I find myself trying to prove that $\int_{-\infty}^{\infty}x^{m}e^{-x^2}H_n(x)dx=0$ for $m$ an integer and $0\leq m\leq n-1$
I tried to solve it by the following method:
Using the Rodrigues formula for Hermite polynomials: $H_n(x)=(-1)^{n}e^{x^2}\cfrac{d^{n}}{dx^n}e^{-x^2}=(-1)^{n}e^{x^2}\cfrac{n!}{2\pi i}$
And substituting this equality in the integral that we want to demonstrate, we have:
\begin{align*} \int_{-\infty}^{\infty}x^{m}e^{-x^2}H_n(x)dx&=\int_{-\infty}^{\infty}x^{m}e^{-x^2}(-1)^{n}e^{x^2}\cfrac{n!}{2\pi i}dx\\ &=(-1)^{n}\cfrac{n!}{2\pi i}\int_{-\infty}^{\infty}x^{m}e^{-x^2}e^{x^2}dx\\ &=(-1)^{n}\cfrac{n!}{2\pi i}\int_{-\infty}^{\infty}x^{m}e^{-x^2+x^2}dx\\ &=(-1)^{n}\cfrac{n!}{2\pi i}\int_{-\infty}^{\infty}x^{m}e^{0}dx\\ &=(-1)^{n}\cfrac{n!}{2\pi i}\int_{-\infty}^{\infty}x^{m}(1)dx\\ &=(-1)^{n}\cfrac{n!}{2\pi i}\int_{-\infty}^{\infty}x^{m}dx\\ \end{align*}
As we know that the integrals in symmetric intervals of odd functions are 0, for the $ m $ odd (where $ x ^ {m} $ is an odd function) the integral will always remain as 0 therefore:
$\text{If $m$ is odd } \Longrightarrow \int_{-\infty}^{\infty}x^{m}e^{-x^2}H_{n}(x)dx=0$
But in the case that $ m $ is even I cannot ensure that the integral is 0, can someone tell me how to justify the case where $ m $ is even?

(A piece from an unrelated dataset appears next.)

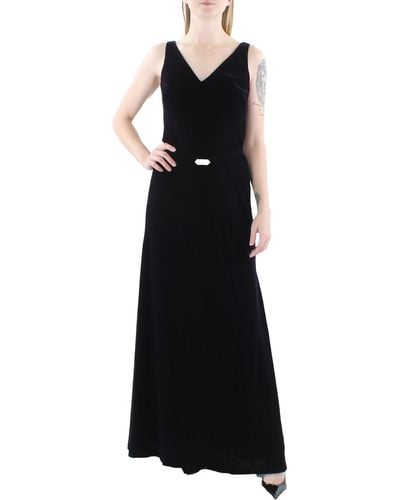 Lauren by Ralph Lauren Velvet V-neck Evening Dress - Black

Because perhaps the proof using orthogonality is simpler. Thanks in advanced!
The $n^{\textrm{th}}$ order Hermite polynomial is orthogonal to all polynomials of degree less than $n$. You just have to write the $x^m$ term as a sum of Hermite polynomials, and use orthogonality.

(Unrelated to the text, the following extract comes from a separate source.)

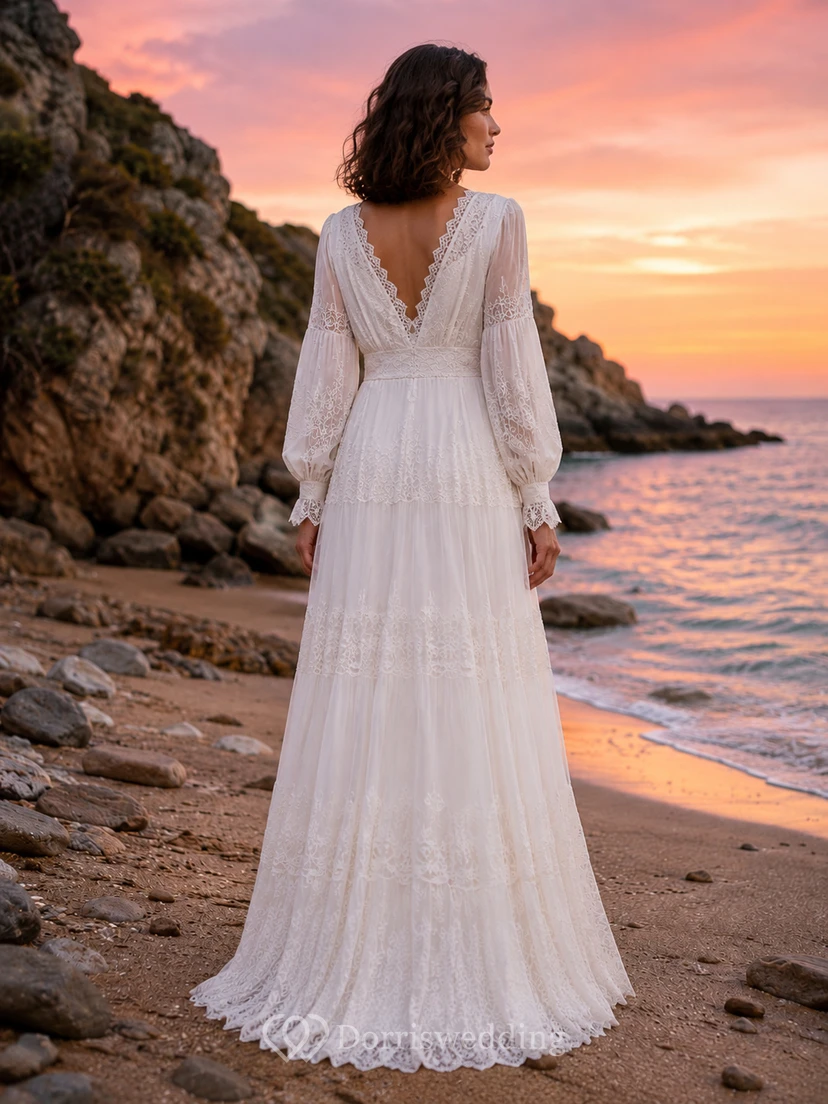 Beach Boho V-Neck Poet Sleeve Chiffon Wedding Dress view 2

I will use the probabilist's Hermite polynomials, so I need to rewrite your integral a little bit: $$ I_{nm}=\frac{1}{(\sqrt{2})^{n+m+1}}\int_{-\infty}^\infty y^m \operatorname{He}_n(y)e^{-\frac{y^2}{2}}dy $$
The Hermite inversion formula $$ y^m = m!\sum_{k=0}^{\left \lfloor \frac{m}{2}\right \rfloor} \frac{1}{2^k k!(m-2k)!} \operatorname{He}_{m-2k}(y), $$ can be found on the wiki and proven here, can be used to transform the integral to $$ I_{nm}=\frac{m!}{(\sqrt{2})^{m-n+1}}\sum_{k=0}^{\left \lfloor \frac{m}{2}\right \rfloor}\frac{1}{2^k k!(m-2k)!}\int_{-\infty}^\infty \operatorname{He}_{m-2k}(y)\operatorname{He}_n(y)e^{-\frac{y^2}{2}}dy. $$ Using the orthogonality condition $$ \int_{-\infty}^\infty \operatorname{He}_{\alpha}(y)\operatorname{He}_{\beta}(y)e^{-\frac{y^2}{2}}dy=\sqrt{2\pi}\alpha!\delta_{\alpha\beta} $$ and the fact that $m<n$ proves that your integral is zero.
We can find the general solution: $I_{nm}$ is only non-zero whenever $m$ and $n$ have the same parity $\operatorname{mod}(n,2)=\operatorname{mod}(m,2)$ (ie they are both even or both odd) and $m\ge n$, and the general formula is $$ I_{nm} = \frac{m!\sqrt{\pi}}{2^{m-n}\left(\frac{m-n}{2}\right)!}. $$